第11章 翔太
「ゆーと♪」
イヤホンをして音楽を聴きながら学校に向かっていると、後ろからイヤホンを外されそう声をかけられる。
「おはよう!」
「おはよう。」
親友の翔太。
小さい頃から仲良く高校も同じ所に入学した。
「お前相変わらず背高いよなー。羨ましい。」
「翔太が小さいだけだ。」
「うわ、なにそれ。すっごい傷ついたんだけど。

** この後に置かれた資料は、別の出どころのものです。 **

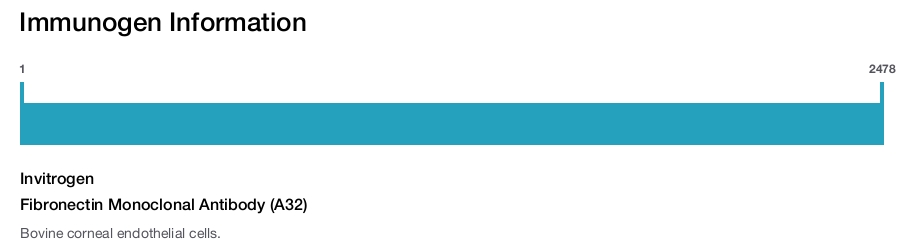 Fibronectin Monoclonal Antibody (A32)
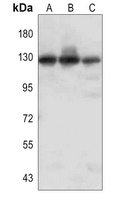 Anti-Integrin alpha 7 Antibody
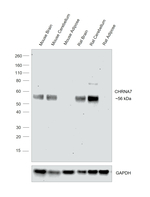 CHRNA7 Antibody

」
明るくて、元気で……俺の大切な親友。
どんなときも一緒にいた。
「ね!それよりさ!裕斗にいい話持って来たんだけど!」
「いい話?」
「うん!ジャーン!」
そう言って取り出したチラシは『アイドルオーディション』と大きく書かれたものだった。
「……で?」
「うー!もう分かるでしょ!?オーディション!受けたらどうかなって!」
「は?なんで俺が?」
「だって、裕斗顔かっこいいし、歌も上手いし……身長も高いし!合うと思って!」
「お前、アイドル好きなだけだろ。」
「ま、まぁ……それもあるけど……」
「翔太がやるなら俺もする。」
「俺はアイドルが好きってだけで、入らなくていいの!」
「じゃあやらない。」
そう言ってイヤホンを付け直し、また学校への道を歩き始める。
「わー!分かった!やる!俺もやるから!」
またイヤホンを外し俺に叫んだ。
「ならやる。」
正直、翔太の方がアイドルは向いていると思う。
顔、歌はもちろん、勉強だって完璧だ。
それにモテる。
「それより、翔太を待ってる女子が沢山いるぞー。」
「人の事言えないと思うけど!?」
まぁ、身長は確かに平均的に見ると低い方だが。